Undergraduates Come Out of the Labs, Into the LimelightContact: Janet Sassi
|Senior Marsiyana Henricus explains her research to Brennan O'Donnell, Ph.D., dean of Fordham College at Rose Hill
Photo by Michael Dames
Fordham College at Rose Hill (FCRH) hosted its first Undergraduate Research Symposium on April 16, giving students majoring in math and the sciences a chance to share their research with the larger university community.
In all, 36 undergraduates presented 33 research posters in physics, biology, mathematics, psychology, chemistry and computer and information science. According to Brennan O’Donnell, Ph.D., dean of FCRH, the symposium was designed to help foster a culture of undergraduate research and strengthen interest and support for the sciences.
“The symposium was designed to feature the great work that is being done in our labs and to give our students and faculty an opportunity to talk across disciplines,” O’Donnell said. “Our work in strengthening science education . . . is one of the big stories in the college.”
David Carretero, a senior who presented research on the dynamics of ultracold atoms, said that the symposium brought attention to an area of strength at the University that is often overlooked by students.

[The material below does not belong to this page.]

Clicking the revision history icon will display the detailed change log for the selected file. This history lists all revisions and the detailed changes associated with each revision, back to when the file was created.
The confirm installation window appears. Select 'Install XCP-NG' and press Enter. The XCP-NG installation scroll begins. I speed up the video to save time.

“It’s good for students to be able to see what’s going on academically and not just socially,” the physics major said.
“It makes me feel like I’m leaving my mark at Fordham,” said Marsiyana Henricus, a chemistry major who found herself explaining her project on biocompatible nanotubes to a group of fascinated freshmen. “I’m a senior. I’ve spent hours in the lab researching this; it’s great to share it. If my project has made an impression on younger students, it could change the direction of their lives.”

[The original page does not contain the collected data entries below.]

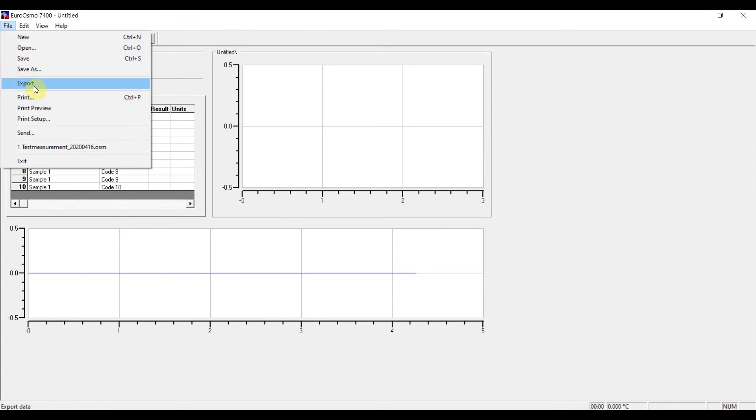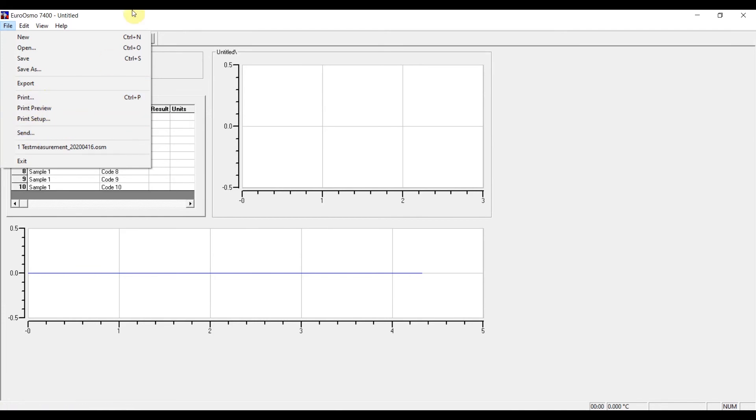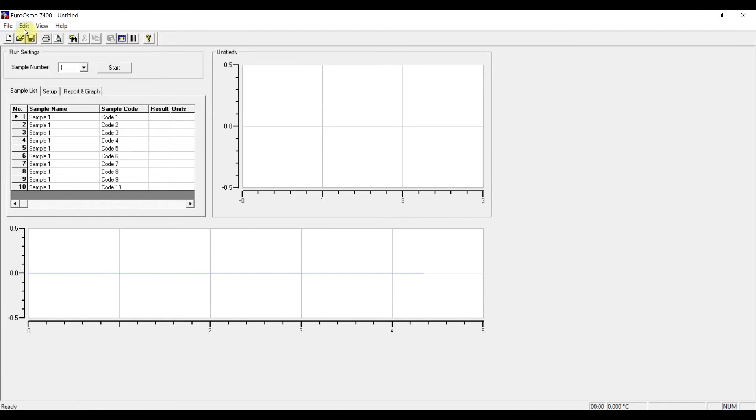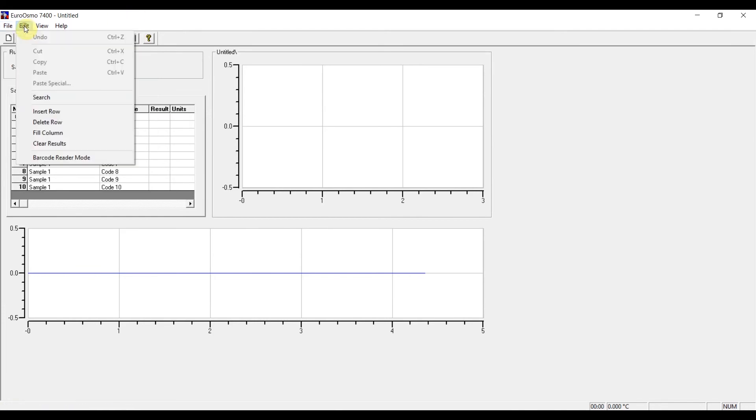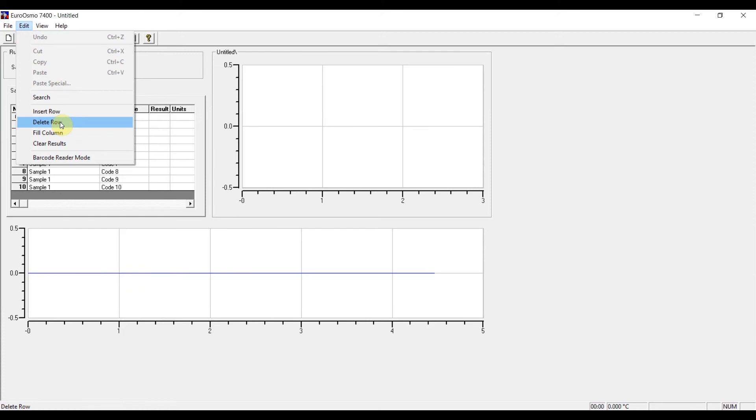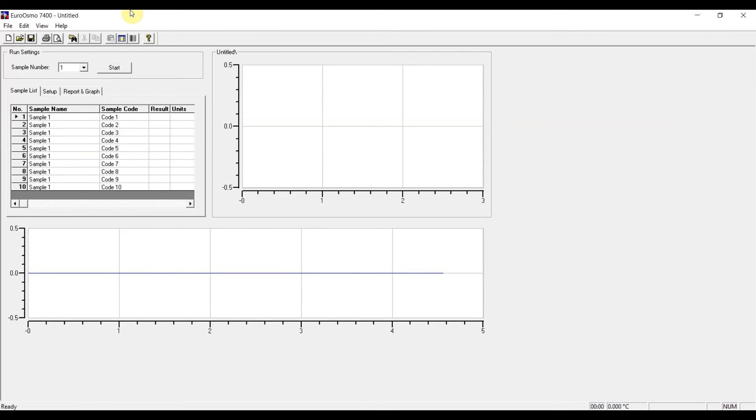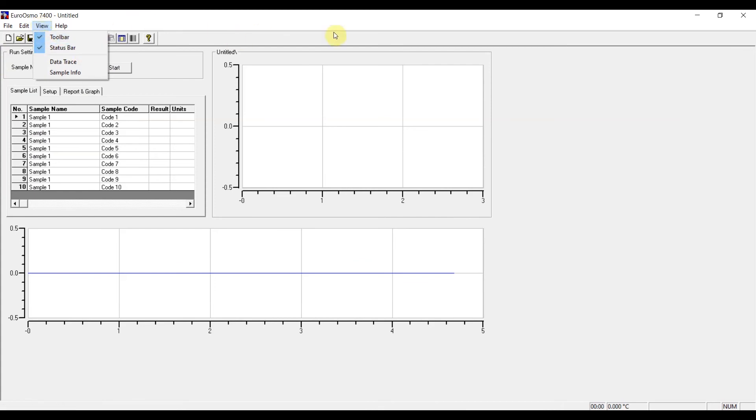In the edit tab you have the possibility to insert or delete rows into the sample list, and you can also fill columns and clear results. And in the view tab you can also customize the user interface a little bit.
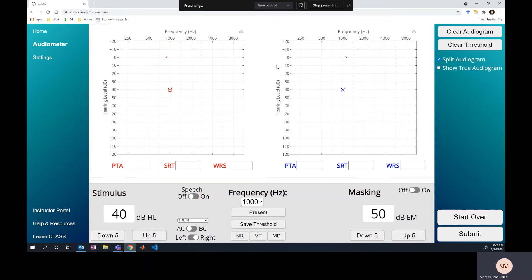Hey everybody, welcome back. I was asked a really interesting question yesterday about the masking dilemma — specifically the inability to correctly mask. It's usually discussed in reference to bone conduction testing, but I wanted to mention that it can also happen with air conduction testing.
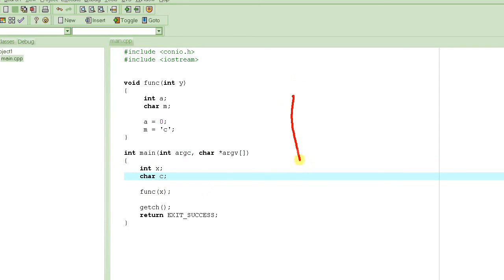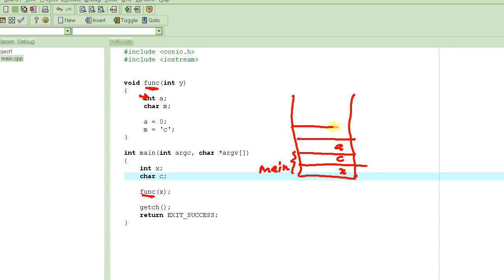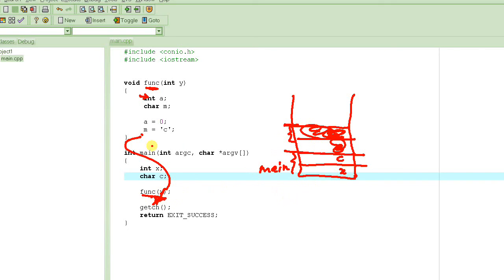Let me draw this. The stack looks like this: when main starts, its variables x and c are created on the stack. When main calls func, that function starts executing and its variables are created on the stack right on top of main's variables. These are called stack frames. When func returns, those variables are removed from the stack.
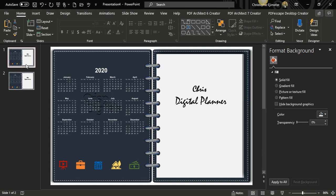I'll go step by step to create this binder. I will be using PowerPoint. If you're new to my channel, please consider subscribing and hit the bell notification so you'll be notified when I upload new videos. Please don't forget to like this video, comment down below, give it a thumbs up, and share it with people who will benefit. Let's get started.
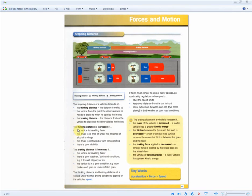Summary for this page: exam questions have a tendency to ask you about this, where stopping distance equals thinking distance plus braking distance, and the factors that the thinking and braking distance depend on.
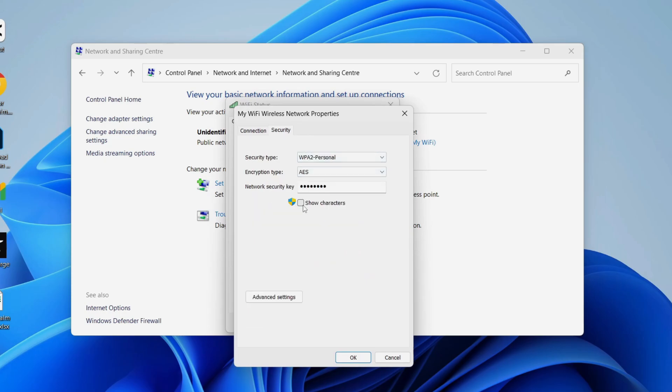Now toggle on Show Characters. The network security key is currently hidden, but when I click there it is revealed and we can use it.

One impetus behind the symposium, according to Donna Heald, associate dean for science education at FCRH, was to bring the student research together to foster an interdisciplinary program.
“Scientists today really work across disciplines, and truthfully, our students are doing it too,” said Heald, who oversaw the event.

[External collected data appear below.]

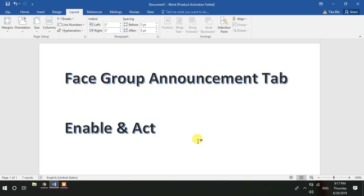Hi everyone, welcome to this video. Today I am going to talk about Facebook group announcements. Facebook has launched some good features for Facebook groups, and it announced a really amazing feature. From the announcement tab, whatever post you make can always be displayed at the top of the group. This feature is currently in test mode.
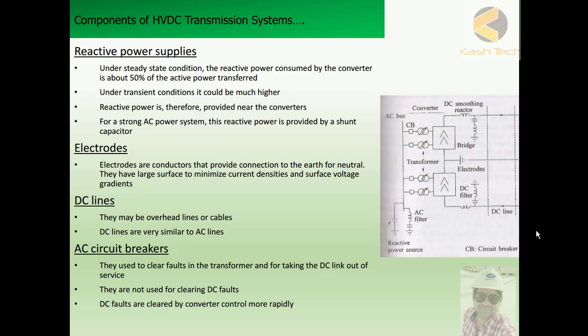The next component is electrodes. Electrodes are conductors that provide connection to earth for the neutral. They have a large surface area to minimize current densities and surface voltage gradients. This is another important component of the DC system.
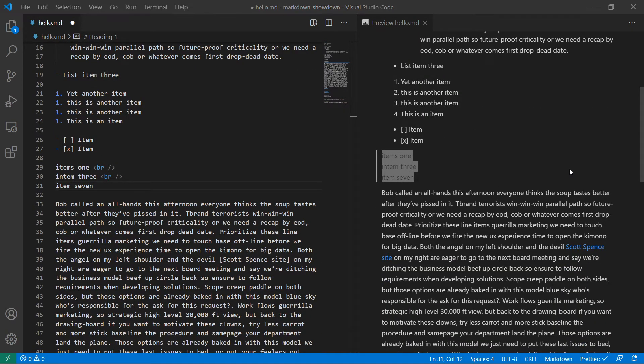But that's it. That's just it for line breaks. And in the next one, we'll go over horizontal rules.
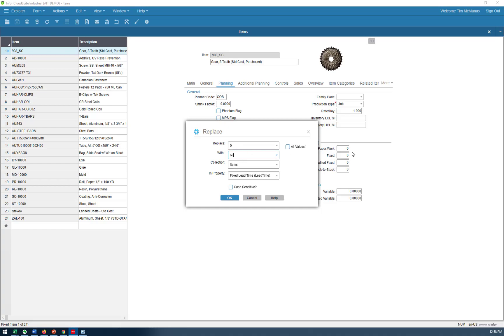Let's say that I filtered for lead time under 15 days. And I have a lot of different values here, like 5 and 10 and 7 and whatever. I can hit all values here. And it's not going to matter what's already in here. I'm just going to mass replace everything in this collection with 60-day lead time.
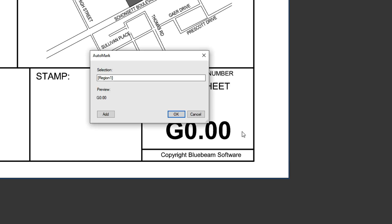A pop-up dialog will display a preview of your page label based on your selection. To incorporate additional data into the label, insert a dash symbol, click Add, and then select another region.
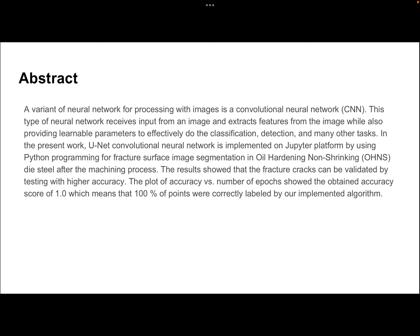The results obtained showed an accuracy score of 1.0, which means that 100% of points were correctly labeled by our implemented algorithm.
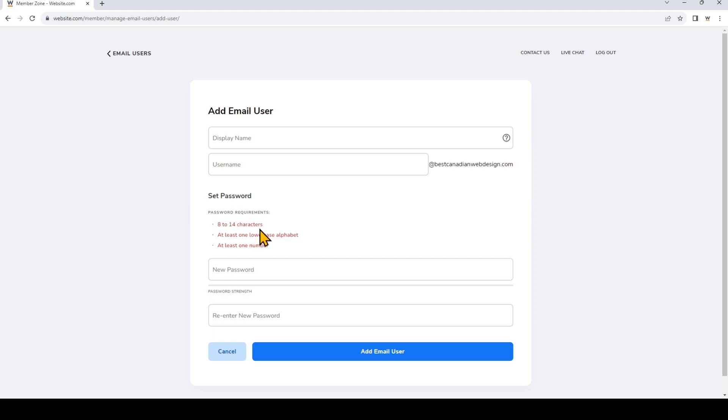So you could be creating an email account for you or for a member of your staff and make sure you take note of this new login information. I'll show you later in this video how you or your staff can access the email account. Now we can go ahead and fill in these details to create the email account.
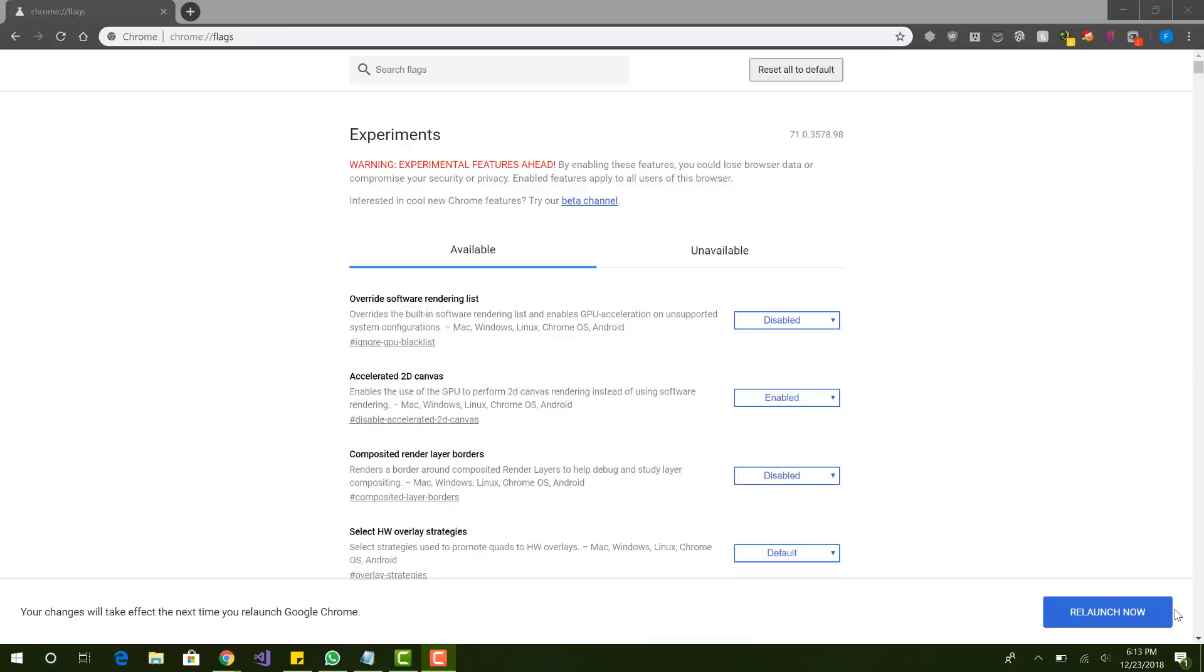What is up guys? This is the FAH News Reviews and Tutorials and today I am back with a part 2 for how to speed up your Chrome browser.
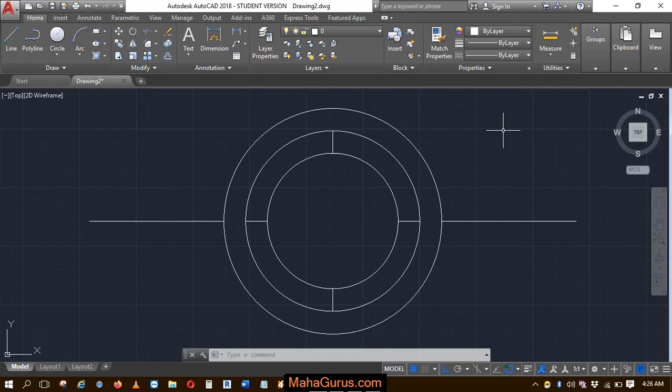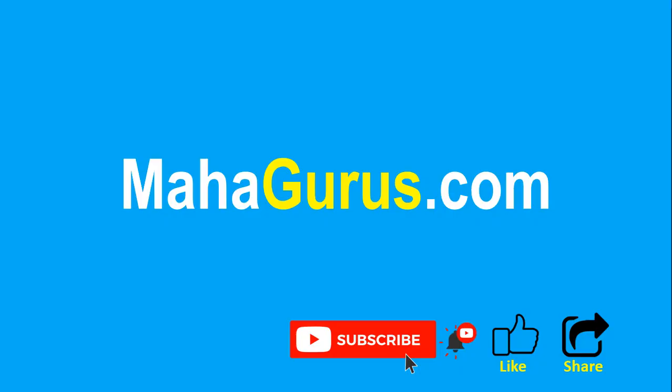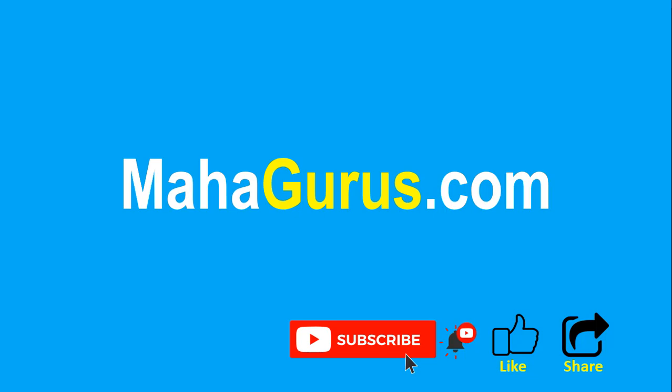Hope you liked this video. Thank you. If you enjoyed the content, please like the video and subscribe to see more videos like this. Don't forget to share this video with others. You can find the link to complete basics to advanced Excel tutorial in the description below, or you can visit MahaGurus.com to see lots of other software courses. Thank you.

Following the symposium, a committee of faculty judges presented awards to the outstanding posters.
Founded in 1841, Fordham is the Jesuit University of New York, offering exceptional education distinguished by the Jesuit tradition to approximately 14,700 students in its four undergraduate colleges and its six graduate and professional schools. It has residential campuses in the Bronx and Manhattan, a commuter campus in Westchester, and the Louis Calder Center Biological Field Station in Armonk, N.Y.